Minidramenkolumne von Tamara Imlinger, mit Illustration von Theresia Emm.
Auf der Bühne: A, B, ein Stuhl
A Wieder nur ein Stuhl!
B Das sagst du jedes Mal.
A Stimmt doch gar nicht.
B Mir kommt das sehr bekannt vor.
A Und wenn schon.
(Kurze Stille)
B Wiederholungen klingen aber eh auch gut.
(Kurze Stille)
B Man kann Rhythmen damit bauen.
(Kurze Stille)
B Sie können helfen, dass wir Dinge besser verstehen.
(Kurze Stille)
A Aber wir müssen uns auch auf Neues einlassen.
B Stimmt, aber nur weil wir etwas einmal hören –
(A nickt.)
B heißt das ja nicht gleich, dass wir es verstehen.
A (zeigt auf den Stuhl) Wir könnten ihm die Bühne überlassen.
B Denkst du, es ist jedes Mal ein anderer Stuhl?
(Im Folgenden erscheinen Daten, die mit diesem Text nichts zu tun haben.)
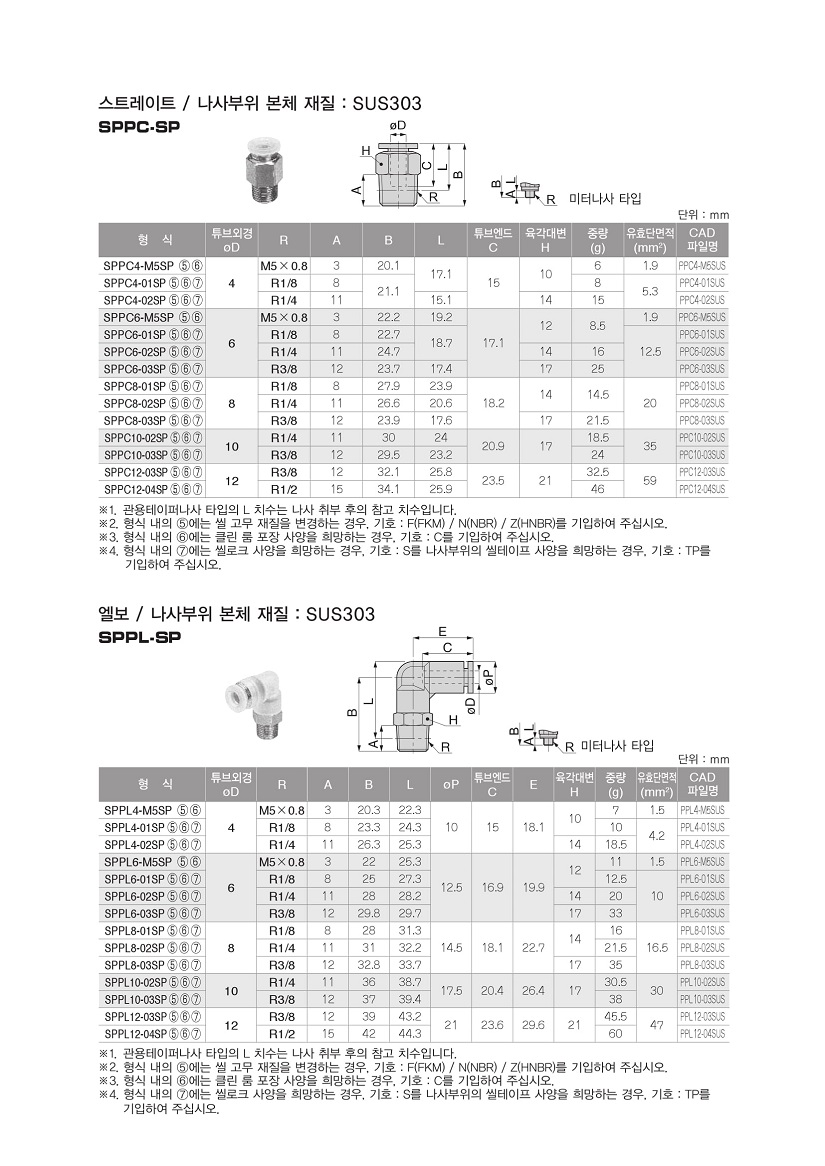 SPP-11.jpg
A Manchmal kann er sprechen.
(Die beiden schauen den Stuhl an.)
A Vielleicht kann er immer sprechen, will aber nicht.
B (zum Stuhl) Jetzt sag doch etwas!
A Lass ihn, wenn er nicht will.
(Kurze Stille)
A Er sieht jedes Mal ein wenig anders aus.
(Kurze Stille)
B Wir aber auch.
(A nickt.)
B Erinnerst du dich, als er durch den Saal nach draußen gelaufen ist?
A Ich weiß nicht mehr genau.
B Du hast sicher begonnen mit: „Wieder nur ein Stuhl.“
A Eigentlich ist das gar nicht nett, wenn wir so über ihn reden.
(Kurze Stille)
A Vielleicht will er selbst in Zukunft den ersten Satz sagen.
(Kurze Stille)
A Aber nicht, dass er uns ersetzt.
(A und B schauen wieder zum Stuhl, der still bleibt.)